Évariste Désiré de Forges de Parny, chevalier, puis vicomte de Parny est l'un des poètes mineurs du 18ème siècle. Il publia de nombreux textes lyriques et érotiques. Son style n'est pas dépourvu de la grâce et de l'élégance propres aux auteurs de la fin de l'Ancien Régime. Les accents mélancoliques de quelques-unes de ses pièces annoncent le romantisme et il exerça d'ailleurs une influence indéniable sur Lamartine à ses débuts. 

Il naquit le 6 février 1753, à St Paul, sur l’île Bourbon. Il était le fils de Paul de Forges de Parny, Chevalier de St Louis, commandant du quartier de St Paul, et de Marie Geneviève de Lanux. Il appartenait à l’une des premières familles de l'île. À l’âge de neuf ans, il fut envoyé en France faire ses études au collège de Rennes, puis à l’École militaire de Paris, où il mena la vie brillante et dissipée des jeunes gens de l'époque. En 1773, dans sa vingtième année, sa famille le rappela à Bourbon. Il y rencontra une jeune fille pour laquelle il s'éprit d'une passion d'autant plus vive qu'elle était contrariée. Il revint alors en France où il publia, en 1778, un recueil de poésies érotiques. En 1785, il partit comme aide de camp à Pondichéry. A son retour, un an plus tard, il se remit à la littérature et publia plusieurs ouvrages dont les "Chansons madécasses", en 1787. Au moment de la Révolution, il abandonna la vie militaire et fut un instant inquiété pendant la Terreur. Il exerça ensuite divers emplois administratifs. Il se maria, en 1802, fut élu à l'Académie française, en 1803, et obtint une pension de Napoléon, en 1811. Il ne survécut que peu de temps à la chute de l'Empire et mourut, à son domicile parisien, le 5 décembre 1814. La Restauration fit rechercher et détruire un de ses ouvrages jugé antireligieux.  

Parny conserva des lecteurs jusqu'au 20ème siècle. Maurice Ravel mit en musique ses chansons madécasses et la première audition de cette oeuvre du grand compositeur souleva une vive émotion en raison des accents anticolonialistes de l'un des poèmes. Louis Durey composa également plusieurs airs sur les paroles du poète. 


Deux chansons madécasses

Chanson 2 

Belle Nélahé, conduit cet étranger dans la case voisine, étends une natte sur la terre, et qu'un lit de feuilles s'élève sur cette natte; laisse tomber ensuite le pagne qui entoure tes jeunes attraits.
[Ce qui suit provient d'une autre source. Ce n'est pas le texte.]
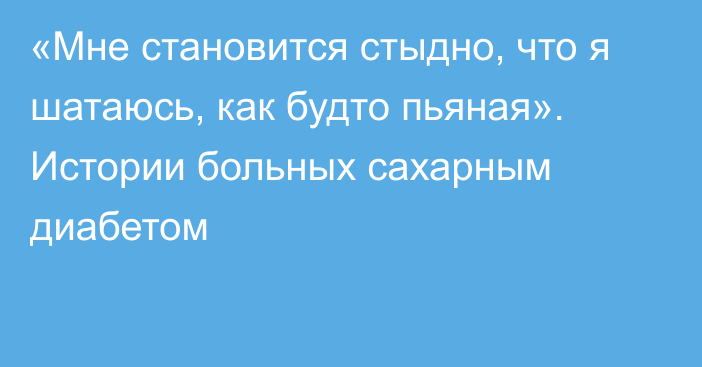 «Мне становится стыдно, что я шатаюсь, как будто пьяная». Истории больных сахарным диабетом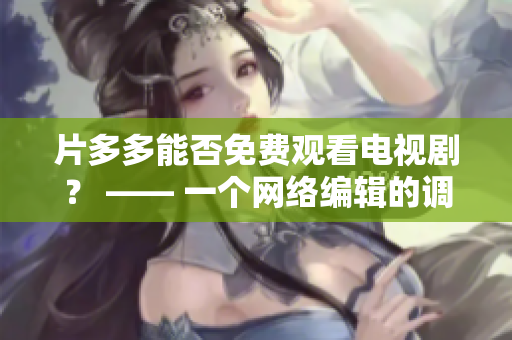 片多多能否免费观看电视剧？ —— 一个网络编辑的调查
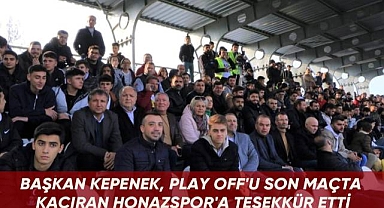 Başkan Kepenek, play off'u son maçta kaçıran Honazspor'a teşekkür etti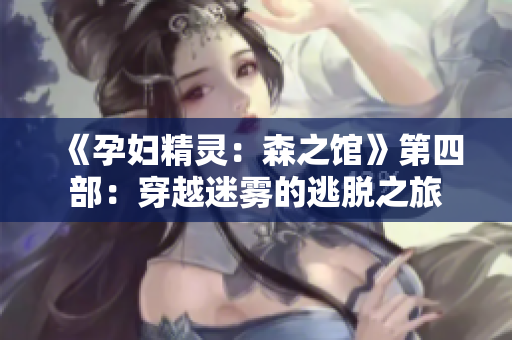 《孕妇精灵：森之馆》第四部：穿越迷雾的逃脱之旅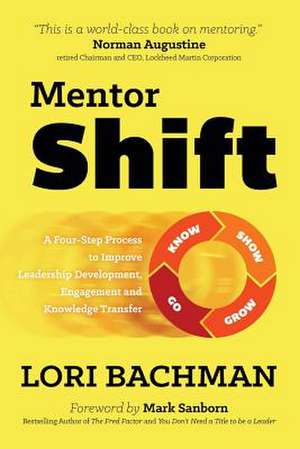 Mentorshift de Lori a. Bachman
Si tu vois dans ses yeux un amoureux désir; si sa main cherche la tienne, et t'attire doucement vers lui; s'il te dit: viens, belle Nélahé, passons la nuit ensemble, alors assieds-toi sur ses genoux. Que sa nuit soit heureuse, que la tienne soit charmante; et ne revient qu'au moment où le jour renaissant te permettra de lire dans ses yeux tout le plaisir qu'il aura goûté. 
 

Chanson 5 

Méfiez-vous des blancs, habitants du rivage. Du temps de nos pères des blancs descendirent dans cette île; on leur dit: voilà des terres; que vos femmes les cultivent. Soyez justes, soyez bons, et devenez nos frères. Les blancs promirent, et cependant ils faisaient des retranchements. Un fort menaçant s'éleva; le tonnerre fut renfermé dans des bouches d'airain; leurs prêtres voulurent nous donner un dieu que nous ne connaissons pas; ils parlèrent enfin d'obéissance et d'esclavage: plutôt la mort! Le carnage fut long et terrible; mais, malgré la foudre qu' ils vomissaient, et qui écrasait des armées entières, ils furent tous exterminés. Méfiez-vous des blancs. Nous avons vu de nouveaux tyrans plus forts et plus nombreux planter leur pavillon sur le rivage. Le ciel a combattu pour nous; il a fait tomber sur eux les pluies, les tempêtes et les vents empoisonnés. Ils ne sont plus, et nous vivons; et nous vivons libres. Méfiez-vous des blancs, habitants du rivage.